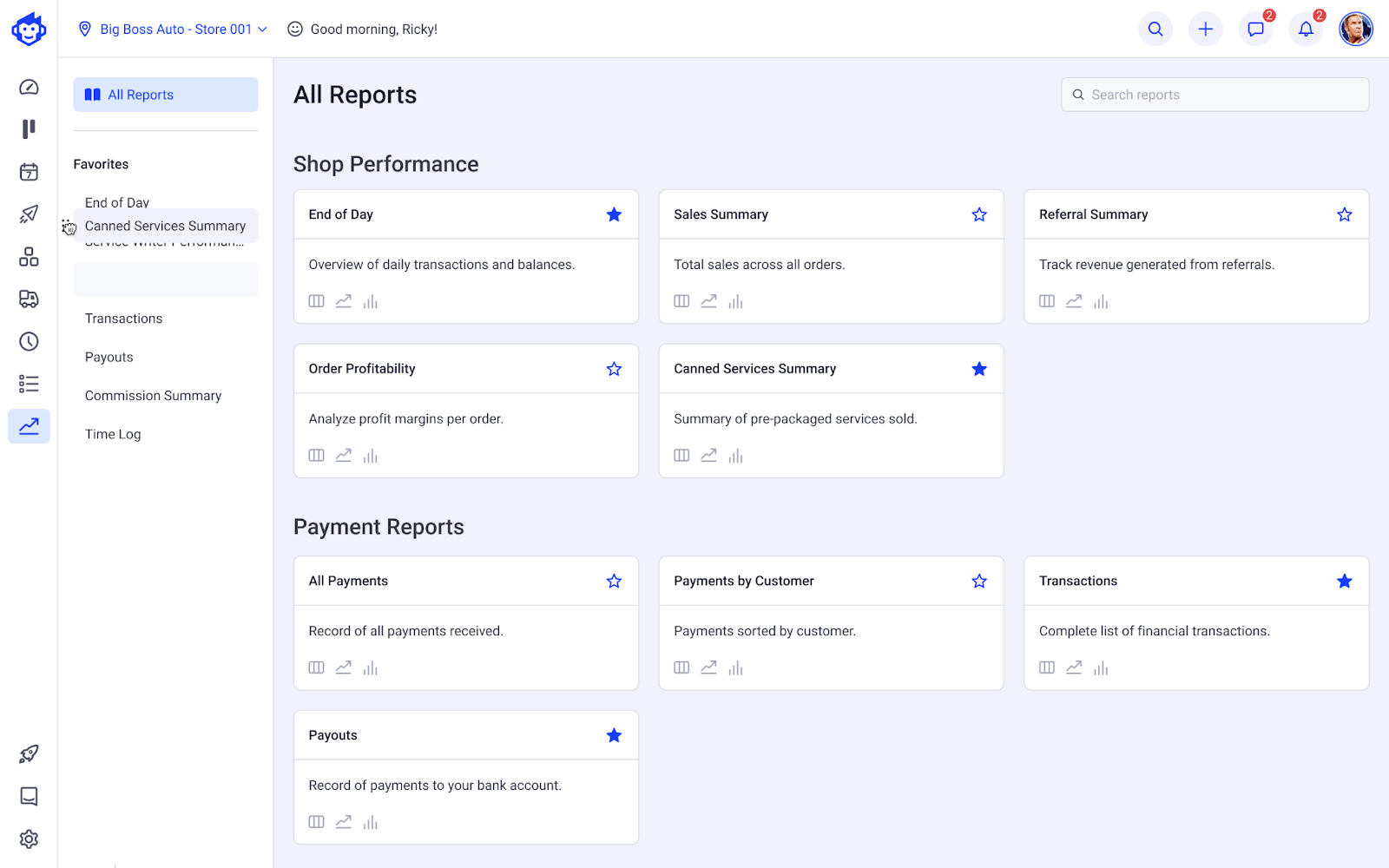 Redesigned Reports Landing Page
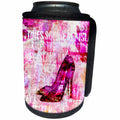 3dRose Andrea Haase Art Illustration - High Heels Illustration With New York Streets Typography - Can Cooler Bottle Wrap (cc_276319)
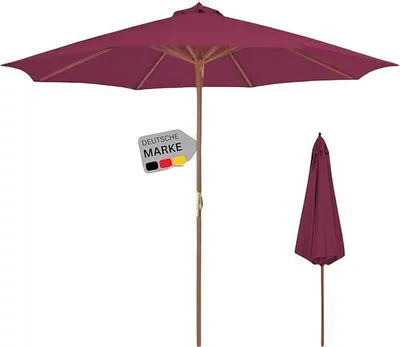 Produktbild von DELUKE® Sonnenschirm aus Holz ANNA Rot | HxB 258x300cm | Sonnenschirm 300 cm Kurbelschirm Standschirm Sonnenschutz Gartenschirm Balkonschirm klassisch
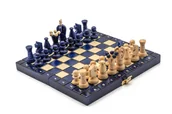 Gry planszowe - Szachy Królewskie mini niebieskie/ szachy drewniane/duże figury/ producent - miniaturka - grafika 1
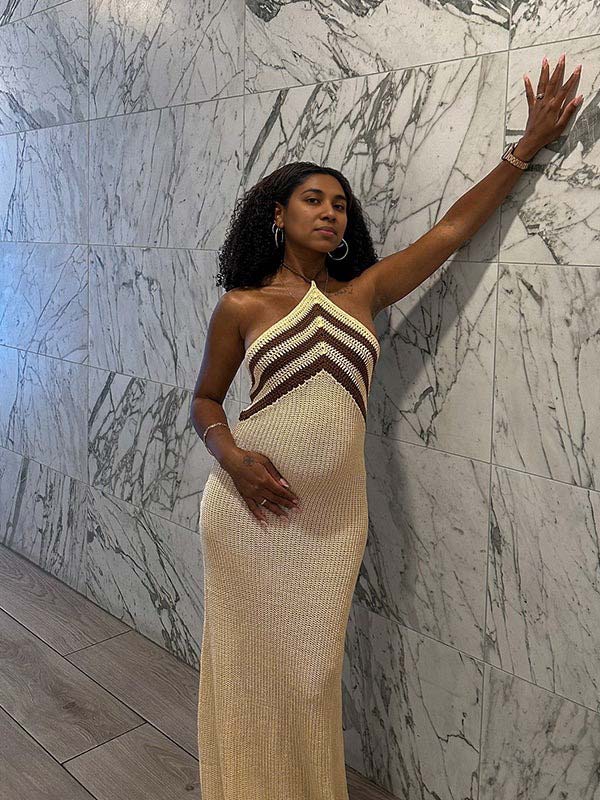 Momsmood Apricot Halter Neck Striped Bodycon Beach Vacation Maternity Photoshoot Maxi Dress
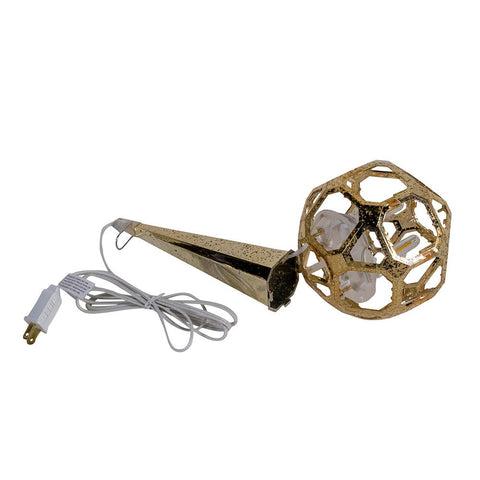 4L Warm White LED Gold Crackle Moravian Star, 24"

· · · · · · ·

• **WORK ORDER**: Copy out exactly the lines between the line containing "3dRose Andrea Haase" and the end of the entries, including both, and leave the pictures behind.

• **EXERCISE RESULT**:
 3dRose Andrea Haase Art Illustration - High Heels Illustration With New York Streets Typography - Can Cooler Bottle Wrap (cc_276319)
 Produktbild von DELUKE® Sonnenschirm aus Holz ANNA Rot | HxB 258x300cm | Sonnenschirm 300 cm Kurbelschirm Standschirm Sonnenschutz Gartenschirm Balkonschirm klassisch
 Gry planszowe - Szachy Królewskie mini niebieskie/ szachy drewniane/duże figury/ producent - miniaturka - grafika 1
 Momsmood Apricot Halter Neck Striped Bodycon Beach Vacation Maternity Photoshoot Maxi Dress
 4L Warm White LED Gold Crackle Moravian Star, 24"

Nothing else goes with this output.